• [Problem requirements]:
Set down, word for word, every line of the material below from the one containing "Dals - Triple" through the one containing "Silver Rhinestone Stretch", but none of its pictures.

• [Information provided]:
- - - -

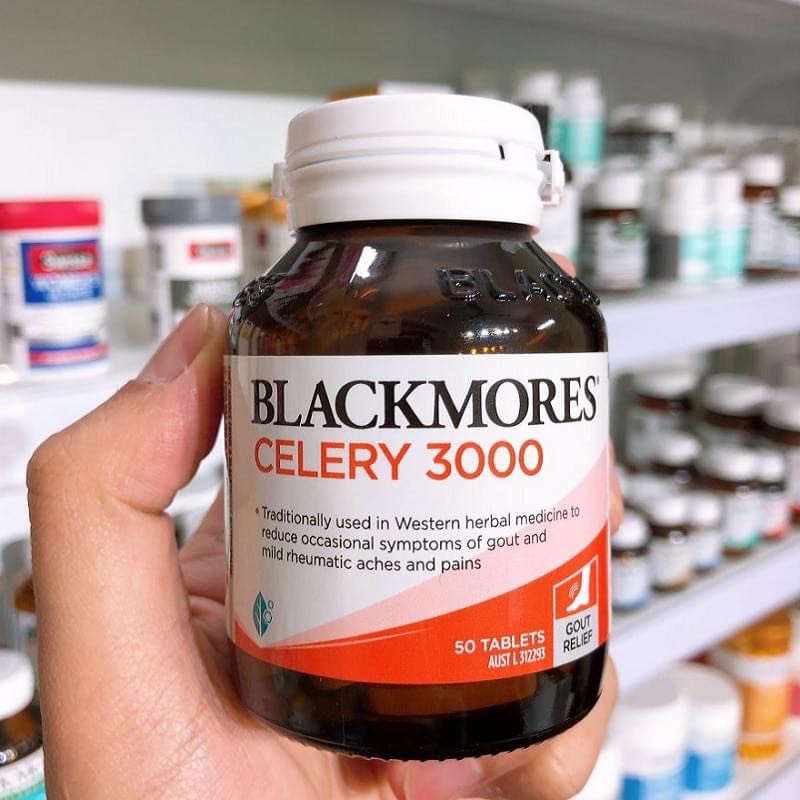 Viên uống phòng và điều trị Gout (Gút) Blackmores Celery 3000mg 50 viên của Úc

- - - -

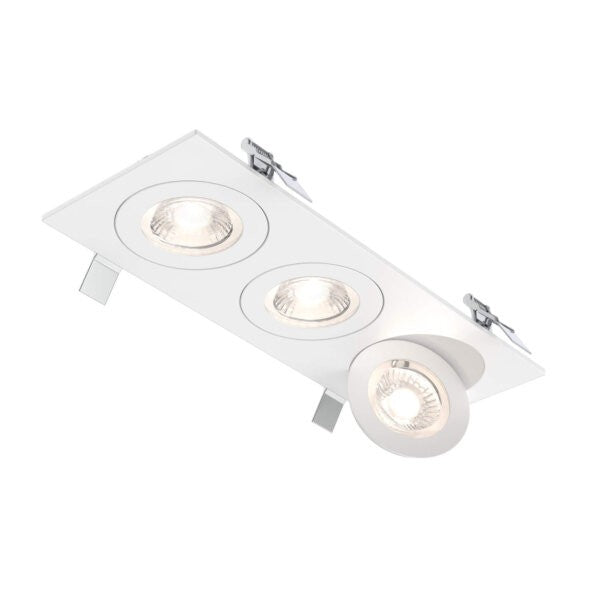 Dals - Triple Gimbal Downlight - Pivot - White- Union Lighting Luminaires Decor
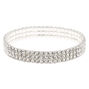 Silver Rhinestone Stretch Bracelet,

- - - -

• [Reply]:
 Dals - Triple Gimbal Downlight - Pivot - White- Union Lighting Luminaires Decor
 Silver Rhinestone Stretch Bracelet,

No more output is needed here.